A tarifa de uso é devida à prestadora que atende ao cliente nas chamadas entrantes e nas chamadas a cobrar. Portanto para o pré pago que praticamente só recebe chamada e quase não origina e também para aquele prépago que recebe chamada e origina chamada a cobrar a receita da operadora é basicamente a receita da tarifa de uso. Mas isso não é subsídio.

 

 

2) É uma missão quase impossível recuperar a perda da receita de tarifa de uso das operadoras do SMP com um aumento na receita de chamadas originadas em pré-pago?

 

R: Acredito que sim. A tendência com o Bill and Keep pleno entre SMP na mesma área de registro é de que o valor do preço de público diminua, com a oferta, inclusive, de "flat fees".

 

3) A introdução do bill&keep para todos os tipos de chamadas fixo-fixo seria uma solução para garantir os investimentos no STFC?

 

R: Não para aqueles que têm seus business plans apoiados no modelo atual.

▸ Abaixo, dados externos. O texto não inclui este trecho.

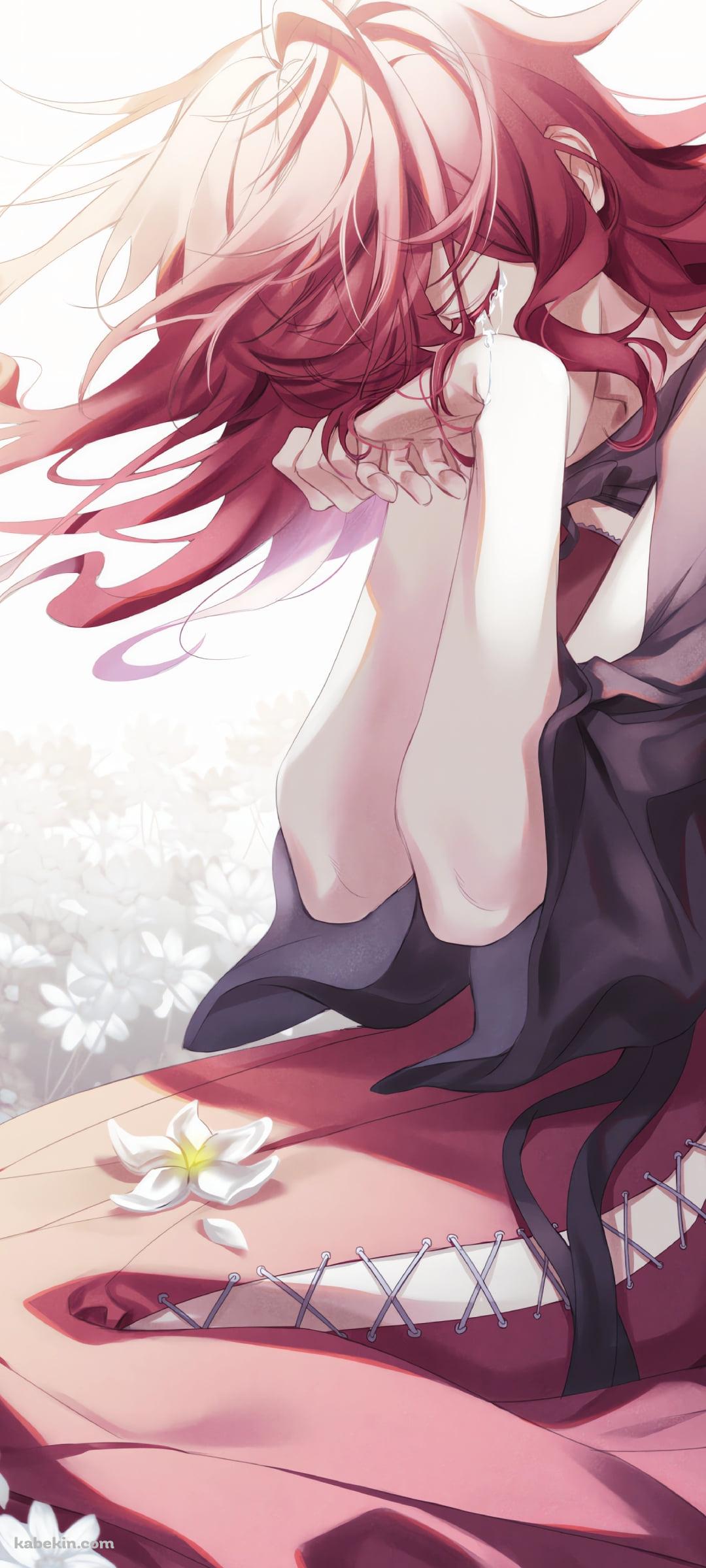 泣き崩れるデボル / 白い花 / ニーアレプリカントのAndroidの壁紙(1080px x 2400px) スマホ用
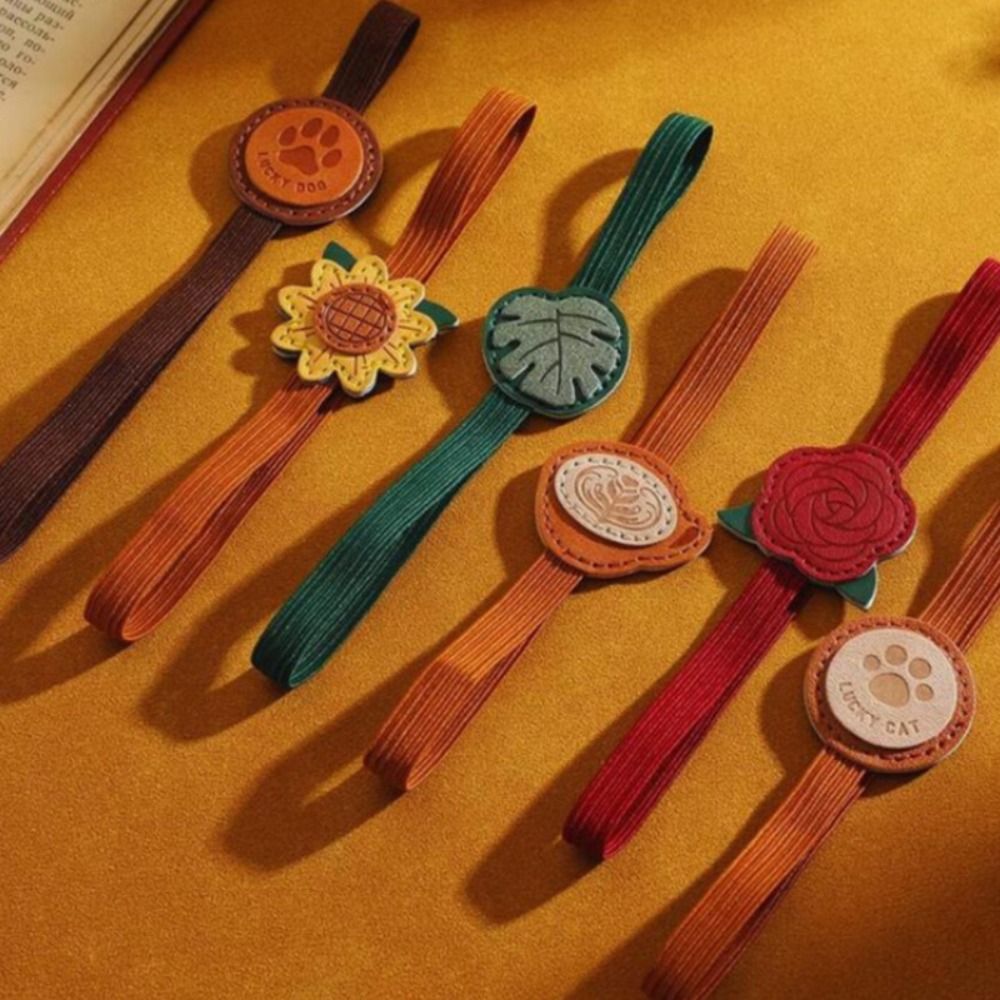 Leatherwork Books - Vintage Elastic Bands Leather Bookmark Anti-lost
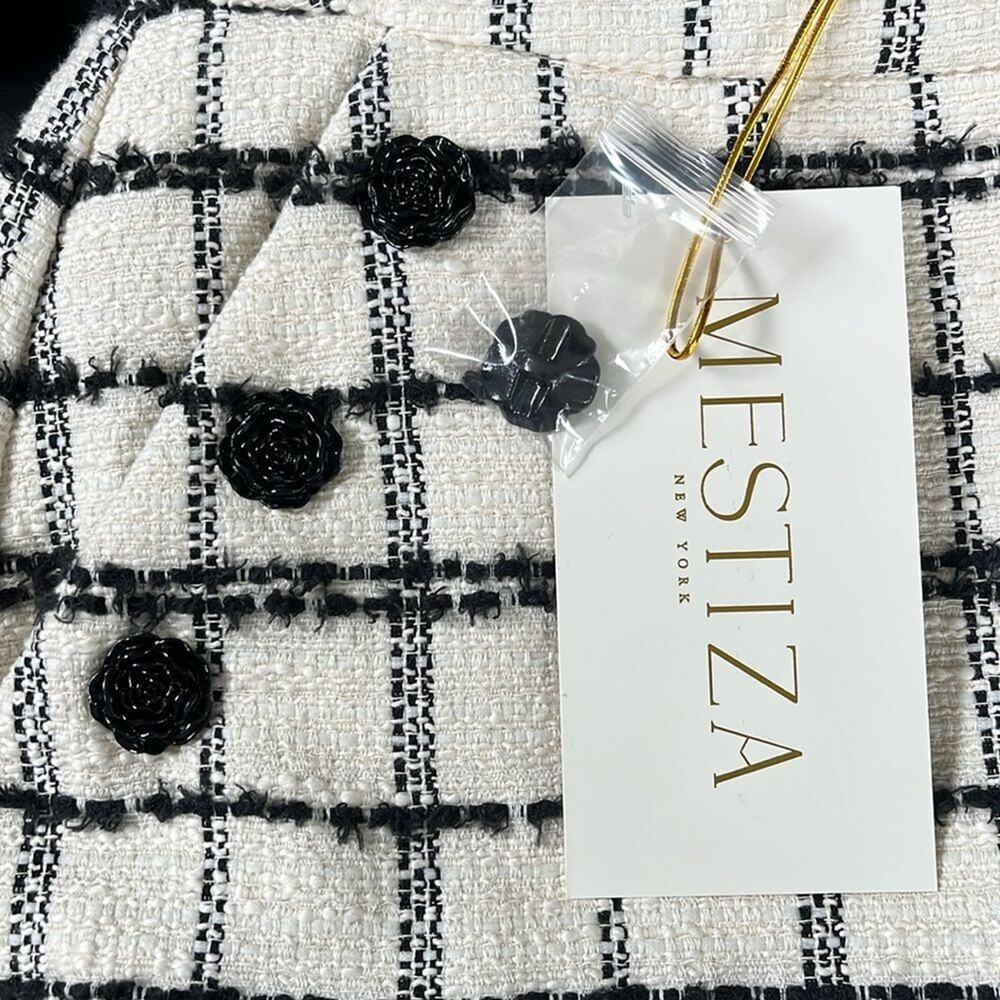 Mestiza Teresa Mini Preppy Skirt in Ivory Black Tweed Size 10 - Picture 4 of 6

Entretanto, há que se ganhar volume na oferta de serviço (a preços competitivos, tendo em vista a redução do custo de interconexão).

 

4) Poderia a operadora do STFC dona da receita ficar responsável apenas pelo pagamento, quando for o caso, do custo de ter um usuário seu ligado na rede de outra prestadora (compartilhamento/unbundling)?

 

R: Com o bill and keep pleno (Local x Local) a tendência será essa. Só será pago o valor pelo compartilhamento.